Reyting adı verilen öyle bir canavar vardır ki; karşısında, ne uğrunda aylarca uğraşılan televizyon dizileri ne de programlar dayanır.


Belli bir matematiği de yoktur üstelik. Söz gelimi bir dizinin tutması için; iyi hikaye, iyi senaryo, iyi yönetmen, iyi oyuncular ve iyi yapımcı yetmeyebilir. Birkaç bölüm sonra bir bakmışsın kalkmış yayından. Bazen de bundan bir şey olmaz dediğin iş almış başını gitmiş. Yaşadım, bilirim bunun şaşkınlığı...

Bu canavar öyle bir canavardır ki insanın gözünü döndürür, canından bezdirir. Koca koca yapımcılar, yönetmenler, yöneticiler bu azgın canavarın karşısında kendileri olmaktan çıkarlar. Ya bu canavarı beslemek zorundadırlar ya da yok olup gitmek.

Korkunç bir yarıştır bu... En iyi reytingi alan kısa bir süre için rahat hisseder kendini ama bu hissin hemen sonrası daha beter bir hisle boğuşmak zorundadır. Yerini korumak!

Yerini korumak, rakiplerine fark atmak, reyting canavarını beslemeye çalışmak kolay iş değildir. Daha fazla çaba ister.

Bu esnada ne ananı tanırsın ne babanı! Öyle azgın bir canavardır ki bu reyting, bir bakmışsın çoktan kaptırmışsın kolunu ya da bacağını... İdealistliğini öldürür, çoğunluğun tercihine iyi ya da kötü diye bakmadan boyun eğmiş bulursun kendini.

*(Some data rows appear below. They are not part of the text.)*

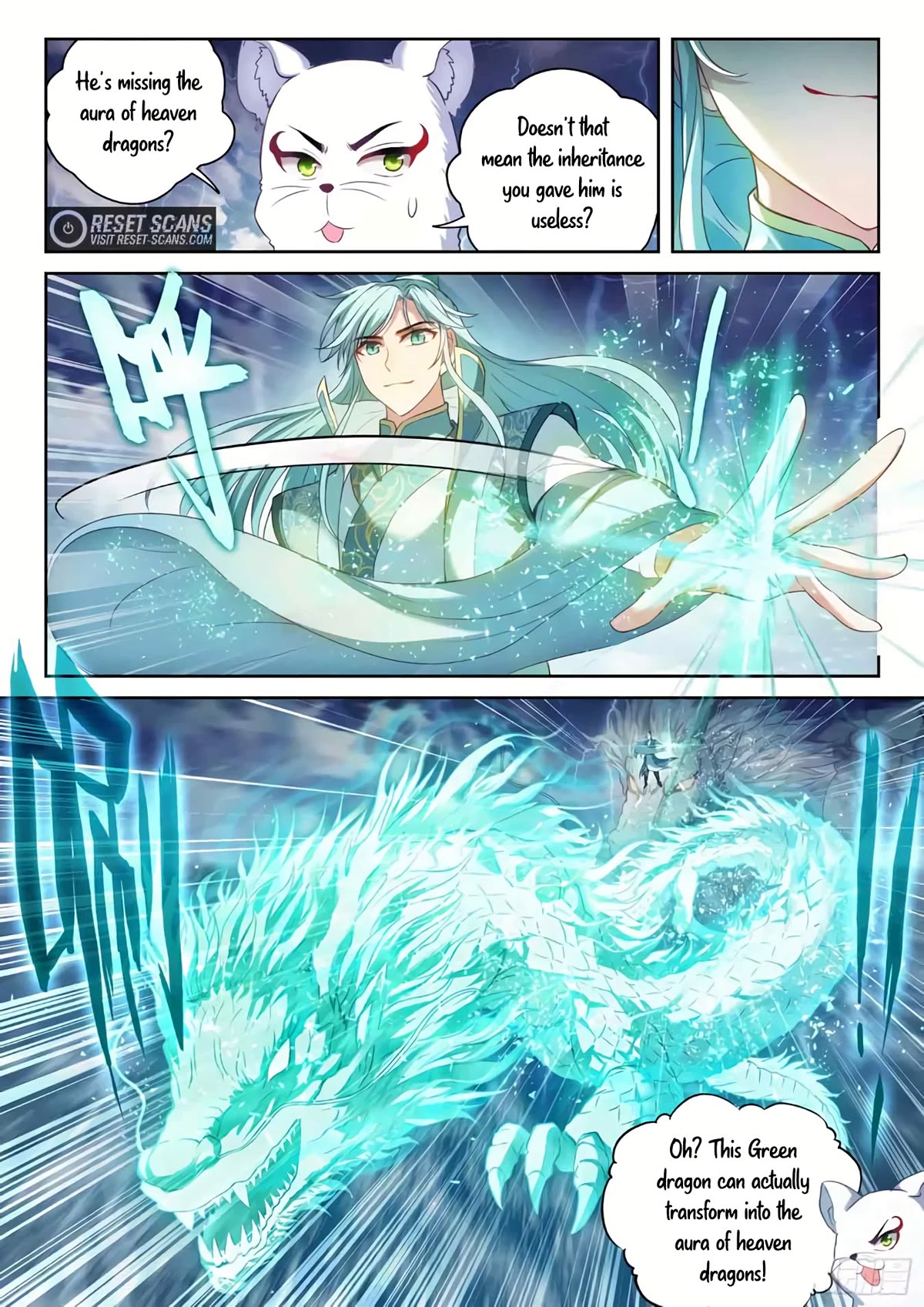 Wu Dong Qian Kun Chapter 191 page 7 - Chapter 191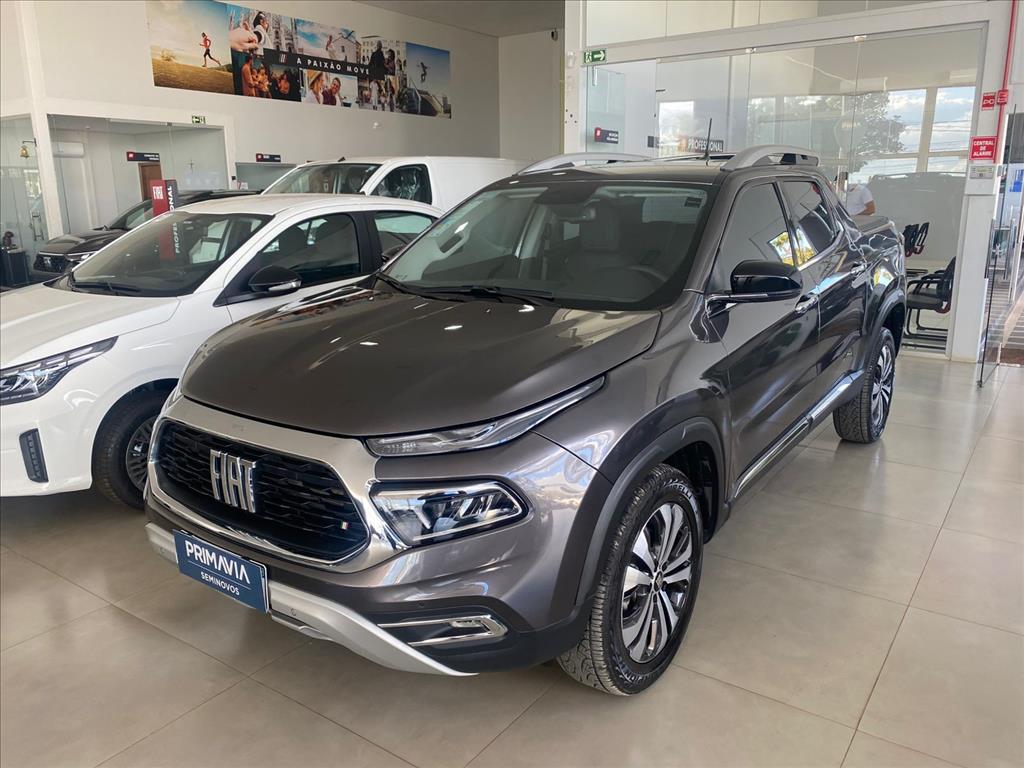 TORO 2.0 16V TURBO DIESEL VOLCANO 4WD AT92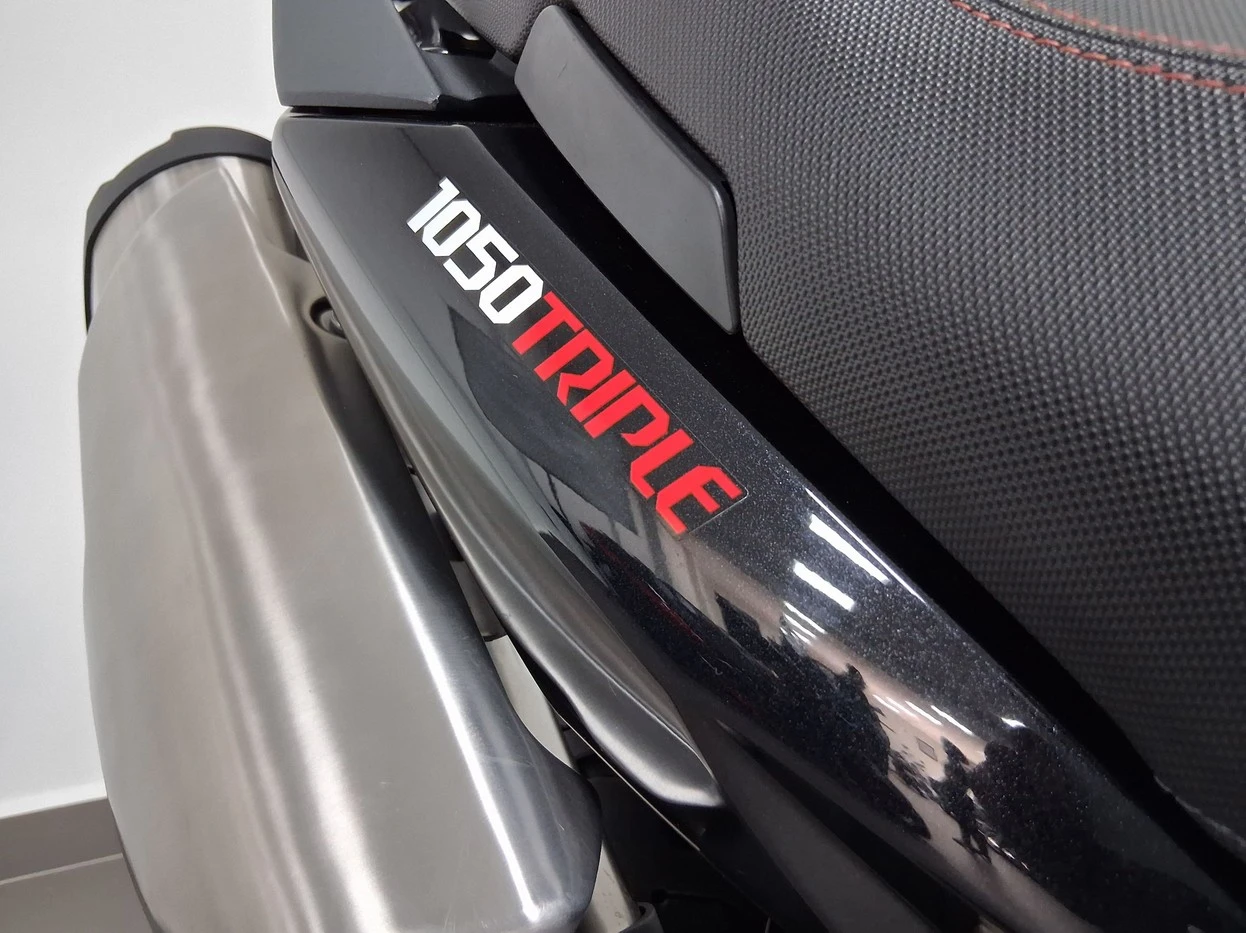 TRIUMPH TIGER SPORT ABS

Geçen gün bir baktım ekranların üç anchorman'i Mehmet Ali Birand, Ali Kırca ve Uğur Dündar, anlaşma yapmışlar aralarında. Anlaşmaya göre; yeni yayın döneminde üçü de aynı tarihte ekrana çıkacakmış. Bu centilmenlik anlaşmasını son anda Uğur Dündar bozmuş ve söz verilen tarihten önce ekrana çıkarak diğerlerini şok etmiş. Her yerde Dündar'ı ayıplıyorlar.
Diğerlerinin yerinde olsam ben de bozulur ve ayıplayabilirdim belki onu. Sinirlenir, söylenir, dürüst olmamakla itham da edebilirdim.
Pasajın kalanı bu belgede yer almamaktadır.